The key tasks for leaders in academic radiology will include the following:

  • Identify leaders and mentors who are interested in advancing modern, molecular medicine and are willing to learn and grow with the field. The mentors are needed to educate young physician scientists who will carry radiology forward and ensure the continued relevance of our profession.

  • Identify, train, encourage and support the young faculty of the future who will advance molecular imaging and continue to change the way radiology is practiced.

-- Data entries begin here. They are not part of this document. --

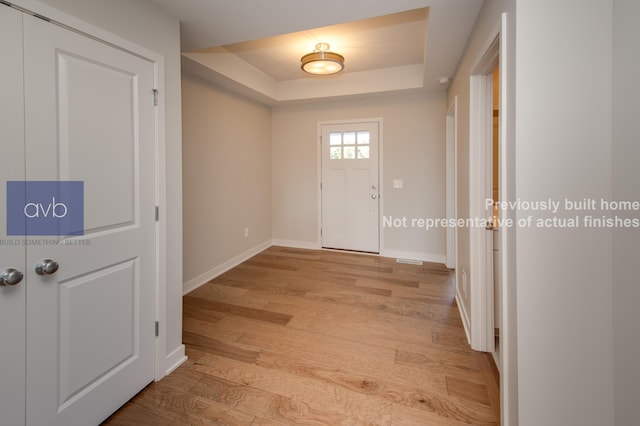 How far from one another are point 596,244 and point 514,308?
43 centimetres

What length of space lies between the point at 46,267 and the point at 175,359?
1093 mm

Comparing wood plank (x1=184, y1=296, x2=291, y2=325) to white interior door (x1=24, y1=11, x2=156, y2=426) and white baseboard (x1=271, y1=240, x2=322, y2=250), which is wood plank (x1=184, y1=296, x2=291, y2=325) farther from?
white baseboard (x1=271, y1=240, x2=322, y2=250)

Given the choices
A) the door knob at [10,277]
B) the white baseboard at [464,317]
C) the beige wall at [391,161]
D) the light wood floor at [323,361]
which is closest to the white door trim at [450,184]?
the beige wall at [391,161]

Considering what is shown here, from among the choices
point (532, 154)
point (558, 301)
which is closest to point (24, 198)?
point (532, 154)

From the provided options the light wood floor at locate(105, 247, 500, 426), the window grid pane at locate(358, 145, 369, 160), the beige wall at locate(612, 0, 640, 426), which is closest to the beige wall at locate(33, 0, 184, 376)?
the light wood floor at locate(105, 247, 500, 426)

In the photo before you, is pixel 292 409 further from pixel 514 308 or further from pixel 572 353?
pixel 572 353

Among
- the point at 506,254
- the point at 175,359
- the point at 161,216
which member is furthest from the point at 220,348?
the point at 506,254

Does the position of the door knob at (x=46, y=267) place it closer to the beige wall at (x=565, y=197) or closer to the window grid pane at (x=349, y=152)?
the beige wall at (x=565, y=197)

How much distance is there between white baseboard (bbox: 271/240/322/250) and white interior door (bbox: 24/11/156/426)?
3.37 m

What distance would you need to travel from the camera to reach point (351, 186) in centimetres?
482

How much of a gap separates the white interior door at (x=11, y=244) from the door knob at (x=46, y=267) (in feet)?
0.20

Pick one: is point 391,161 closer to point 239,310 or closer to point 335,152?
point 335,152

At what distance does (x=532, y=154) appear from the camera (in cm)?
130

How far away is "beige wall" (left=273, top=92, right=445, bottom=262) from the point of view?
4.29 m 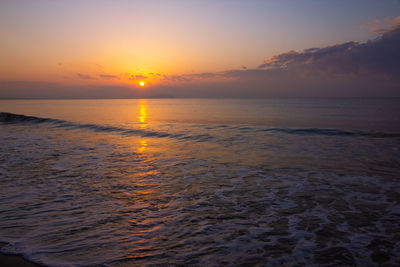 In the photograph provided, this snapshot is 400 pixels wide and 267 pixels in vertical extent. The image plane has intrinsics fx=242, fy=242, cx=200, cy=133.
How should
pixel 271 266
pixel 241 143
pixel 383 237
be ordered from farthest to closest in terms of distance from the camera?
pixel 241 143
pixel 383 237
pixel 271 266

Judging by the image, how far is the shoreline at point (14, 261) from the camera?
11.3 feet

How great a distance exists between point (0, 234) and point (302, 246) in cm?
528

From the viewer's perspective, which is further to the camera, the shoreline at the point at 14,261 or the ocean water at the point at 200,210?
the ocean water at the point at 200,210

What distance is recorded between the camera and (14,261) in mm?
3521

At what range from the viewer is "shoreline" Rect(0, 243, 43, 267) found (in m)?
3.45

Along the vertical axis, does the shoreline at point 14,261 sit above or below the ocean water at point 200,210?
above

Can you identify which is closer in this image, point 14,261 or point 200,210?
point 14,261

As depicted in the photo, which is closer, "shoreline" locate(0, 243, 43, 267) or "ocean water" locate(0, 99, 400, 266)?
"shoreline" locate(0, 243, 43, 267)

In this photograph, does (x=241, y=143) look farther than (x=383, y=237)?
Yes

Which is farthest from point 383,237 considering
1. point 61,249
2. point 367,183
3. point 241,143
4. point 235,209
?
point 241,143

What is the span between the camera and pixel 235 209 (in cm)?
564

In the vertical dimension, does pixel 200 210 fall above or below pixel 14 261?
below

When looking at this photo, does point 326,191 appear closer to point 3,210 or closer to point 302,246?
point 302,246

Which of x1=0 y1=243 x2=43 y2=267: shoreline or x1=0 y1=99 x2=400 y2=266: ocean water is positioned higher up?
x1=0 y1=243 x2=43 y2=267: shoreline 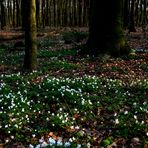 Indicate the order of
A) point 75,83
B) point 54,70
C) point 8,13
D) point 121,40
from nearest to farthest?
point 75,83 < point 54,70 < point 121,40 < point 8,13

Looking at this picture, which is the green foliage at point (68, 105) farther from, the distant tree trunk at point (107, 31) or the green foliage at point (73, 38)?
the green foliage at point (73, 38)

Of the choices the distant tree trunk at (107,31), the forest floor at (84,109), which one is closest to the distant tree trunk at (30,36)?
the forest floor at (84,109)

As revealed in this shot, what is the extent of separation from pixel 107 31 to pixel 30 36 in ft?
17.7

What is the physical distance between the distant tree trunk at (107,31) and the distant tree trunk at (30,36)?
4.56 metres

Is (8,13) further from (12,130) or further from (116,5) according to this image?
(12,130)

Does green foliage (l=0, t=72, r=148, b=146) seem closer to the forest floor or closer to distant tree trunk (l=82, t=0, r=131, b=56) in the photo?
the forest floor

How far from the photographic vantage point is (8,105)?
1086cm

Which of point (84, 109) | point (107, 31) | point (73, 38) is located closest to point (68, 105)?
point (84, 109)

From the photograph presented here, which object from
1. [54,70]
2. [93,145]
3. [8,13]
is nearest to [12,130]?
[93,145]

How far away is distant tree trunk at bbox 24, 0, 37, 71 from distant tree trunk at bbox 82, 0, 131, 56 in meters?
4.56

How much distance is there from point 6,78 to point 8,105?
4.17 m

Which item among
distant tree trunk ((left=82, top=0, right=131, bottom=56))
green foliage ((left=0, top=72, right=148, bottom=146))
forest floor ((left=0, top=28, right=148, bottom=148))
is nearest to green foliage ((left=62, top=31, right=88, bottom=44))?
distant tree trunk ((left=82, top=0, right=131, bottom=56))

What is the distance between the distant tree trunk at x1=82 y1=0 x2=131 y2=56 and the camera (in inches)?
795

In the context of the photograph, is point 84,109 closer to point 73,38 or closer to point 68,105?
point 68,105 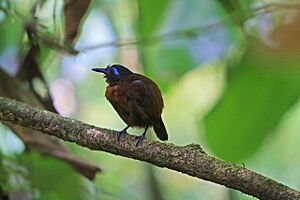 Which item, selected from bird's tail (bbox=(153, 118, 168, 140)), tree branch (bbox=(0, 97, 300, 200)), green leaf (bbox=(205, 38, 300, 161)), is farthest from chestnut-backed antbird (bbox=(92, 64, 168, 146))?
green leaf (bbox=(205, 38, 300, 161))

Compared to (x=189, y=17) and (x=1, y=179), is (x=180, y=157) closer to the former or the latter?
(x=1, y=179)

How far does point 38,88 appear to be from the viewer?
4.84ft

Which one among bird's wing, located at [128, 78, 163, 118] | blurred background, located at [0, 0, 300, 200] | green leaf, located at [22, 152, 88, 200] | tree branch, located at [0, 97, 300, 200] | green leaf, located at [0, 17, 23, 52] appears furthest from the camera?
green leaf, located at [0, 17, 23, 52]

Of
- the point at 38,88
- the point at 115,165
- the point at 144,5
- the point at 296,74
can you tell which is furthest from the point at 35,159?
the point at 115,165

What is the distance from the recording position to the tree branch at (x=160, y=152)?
35.1 inches

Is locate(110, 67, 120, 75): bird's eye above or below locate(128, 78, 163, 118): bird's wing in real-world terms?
above

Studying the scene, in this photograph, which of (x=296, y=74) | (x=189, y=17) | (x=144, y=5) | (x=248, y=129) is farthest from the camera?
(x=189, y=17)

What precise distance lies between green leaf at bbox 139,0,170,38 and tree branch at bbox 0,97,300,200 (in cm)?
55

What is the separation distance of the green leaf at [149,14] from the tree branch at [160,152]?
55 centimetres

  • Work on impacting the national educational boards of radiology to realize where the future lies and revamp training curricula to make them more timely and relevant.

  • Supply modern infrastructure with equipment and wet laboratory space and ensure funding for continuous operational expenses, training and faculty support.

  • Deepen our partnerships with the critical allied scientists who are coworkers in the development of radiology and particularly molecular imaging. These include imaging physicists, radiochemists, nanotechnology engineers, etc.

As the chair of an academic radiology department within a large dynamic cancer centre, I have been impressed with how rapidly the landscape of medicine is changing. As physicians of the 21st Century, we live in revolutionary times and like it or not, we have become participants in the era of molecular medicine. The opportunities for radiology as a specialty have never been greater, and I have no doubt that great rewards as well as great risks lie ahead. From the standpoint of our field, I feel certain that we can meet the challenges of this exciting but uncertain future. Molecular imaging will clearly be a driving engine for academic growth and the development of revolutionary improvements in patient care. Our task as leaders is to build and maintain a community of trainees, clinician scientists imaging scientists and chemists who can lead this revolution.